At the end of the stipulated time period, Shiva created a bow and an arrow and a chariot with the various gods and goddesses and components of the universe. The moment the three aerial cities converged, Shiva mounted on his chariot and moved upwards. He took out his bow and arrow, and hit the converged cities with a single arrow. With Brahma as the charioteer, he sped across, and shot a single arrow of fire, which was created of none other than  Vishnu. The cosmic arrow destroyed the three cities.

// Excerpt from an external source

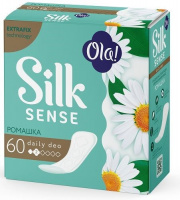 ОЛА OLA! прокладки ежедневные SILK SENSE Light Deo стринг-мультиформ Ромашка №60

The components of the Tripurantaka charge are as follow:
Chariot: Pritvi (The Earth)
Charioteer: Brahma
Chariot Wheels: Sun and Moon
Bow: Mount Meru
Bow String: Serpent Vasuki
Arrow: Vishnu

One version of the myth maintains that, finally when everything was ready for the Tripura invasion, the devas were proud that only with their help Shiva is going to destroy the Tripuras. But to the astonishment of all, Lord Shiva, didn't use any of the war machinery arranged by the Devas. Lord Shiva, instead smiled and in that smile the three purams were burned immediately. In fact, the Rudraksha appeared from the three eyes of Shiva during tripurasamhAra. The pride and thought of devas that without their help the God would not have been able to destroy the tripuras was proved wrong. Shocked at this act, Brahma pleaded that Devas thought wrong and that Shiva should forgive and release the arrow, or else the Devas would have a permanent bad name and the reason behind making this chariot would become meaningless. Shiva then fired the arrow on the already burning Cities. 

When Lord Shiva seated on the chariot before heading to war, chariot was unable to move forward, Lord Vishnu took form as bull and dragged the chariot and then became the bull flag on top of chariot. After destroying three cities Lord Shiva started tandava nritya on debris which is also called as "Tripura Nasha Nartana".

The Devas then understood:

1. Shiva can take the power of anyone/anything because it is his power that is already existing in first place. 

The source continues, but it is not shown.